Recorded data:
══════════
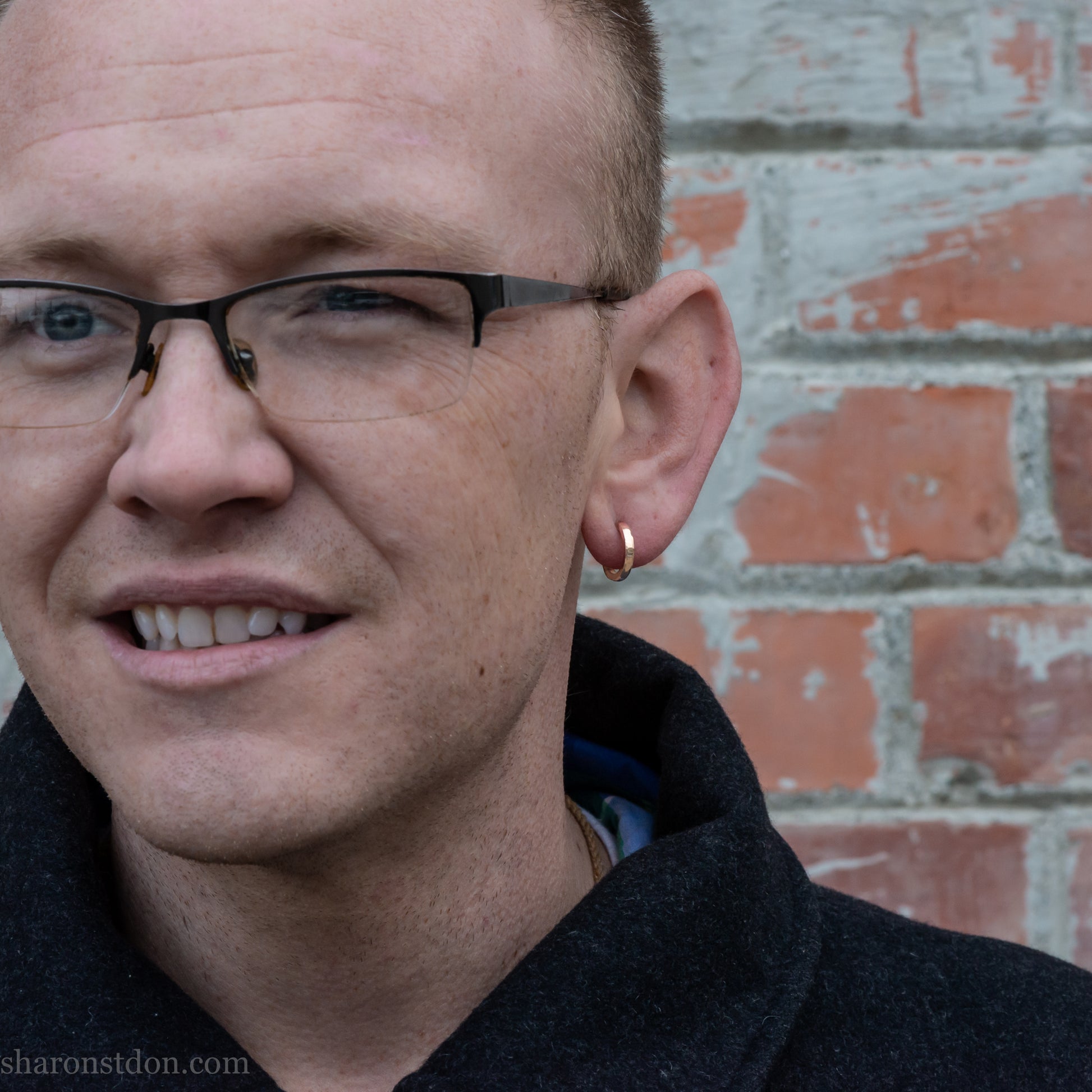 14k yellow gold hammered hoop earring, 14mm diameter, matte brushed finish, worn on ear.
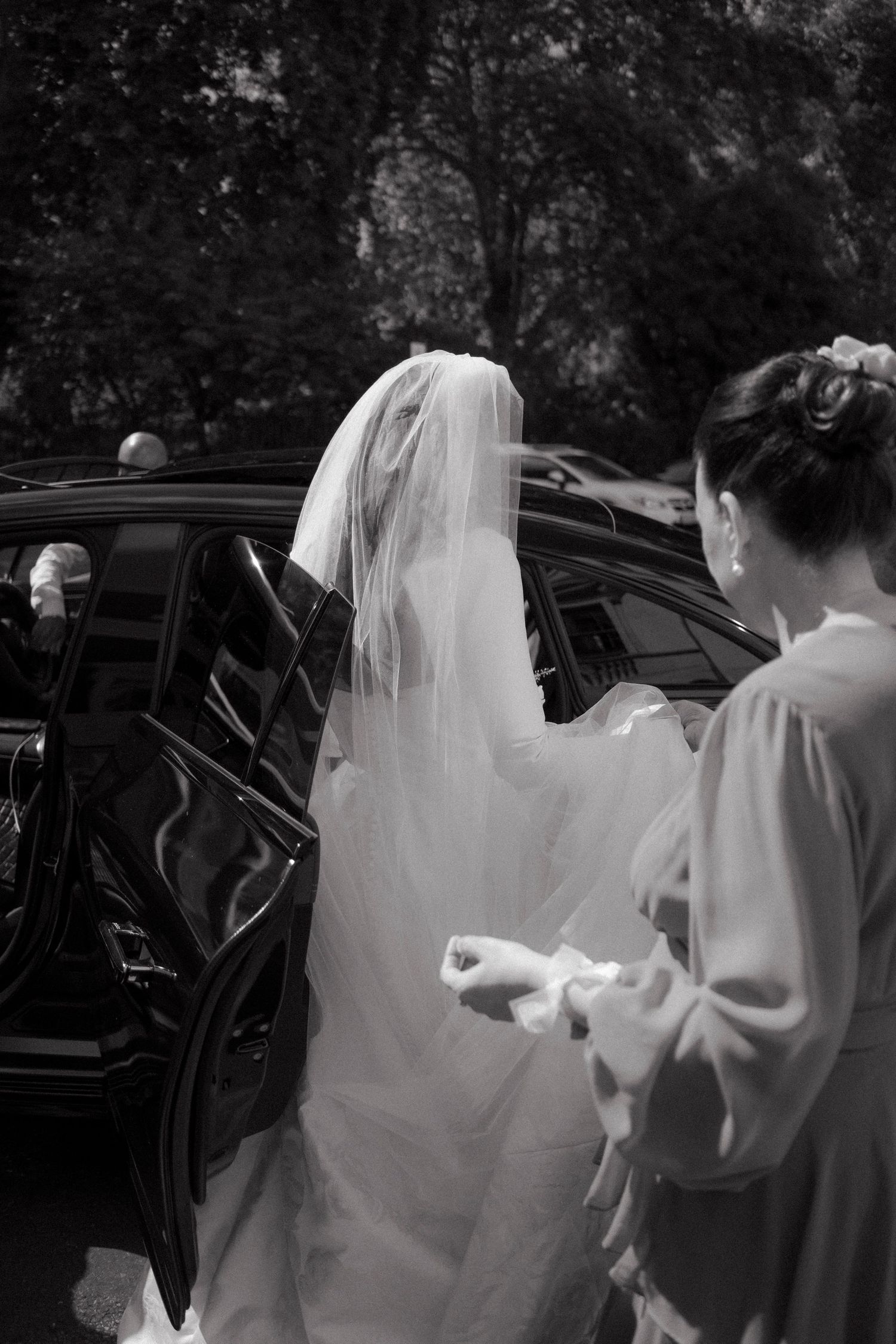 Black and white photo of a bride in white gown and veil getting into a car, assisted by a bridesmaid.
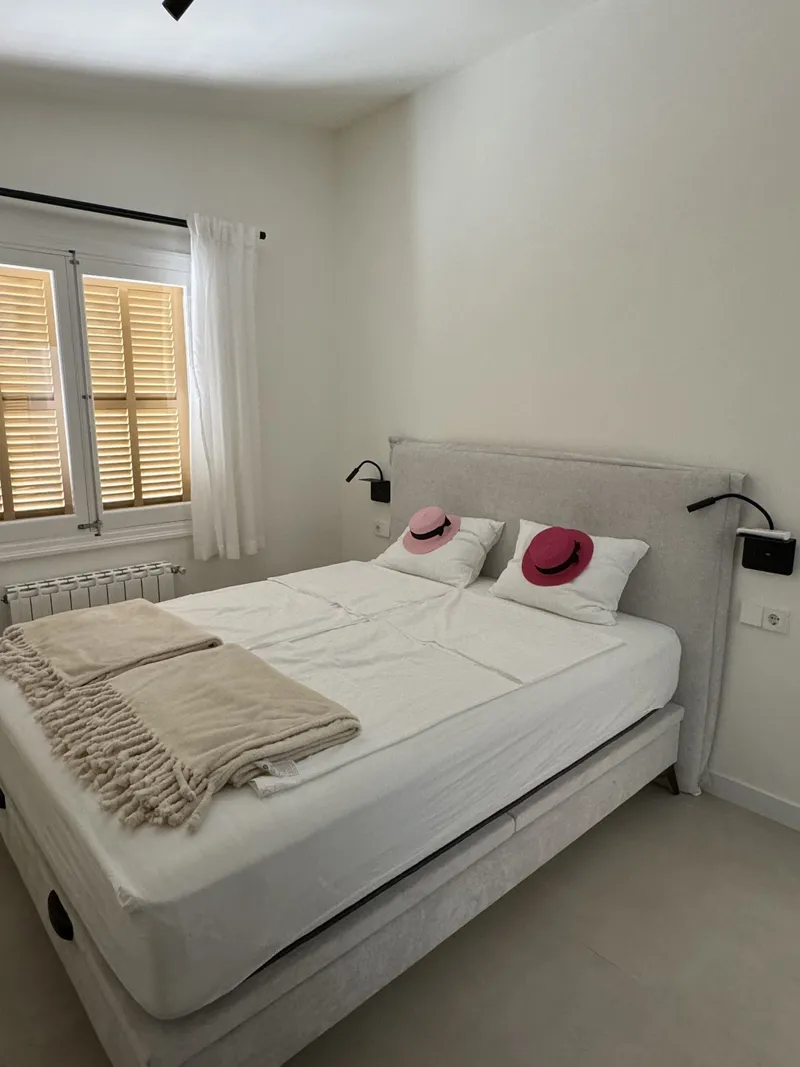 Dormitorio claro con cabecero tapizado, apliques de lectura y contraventanas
══════════
Task description: Set the whole listing down again unchanged, apart from the pictures, which are omitted.

Finished task:
 14k yellow gold hammered hoop earring, 14mm diameter, matte brushed finish, worn on ear.
 Black and white photo of a bride in white gown and veil getting into a car, assisted by a bridesmaid.
 Dormitorio claro con cabecero tapizado, apliques de lectura y contraventanas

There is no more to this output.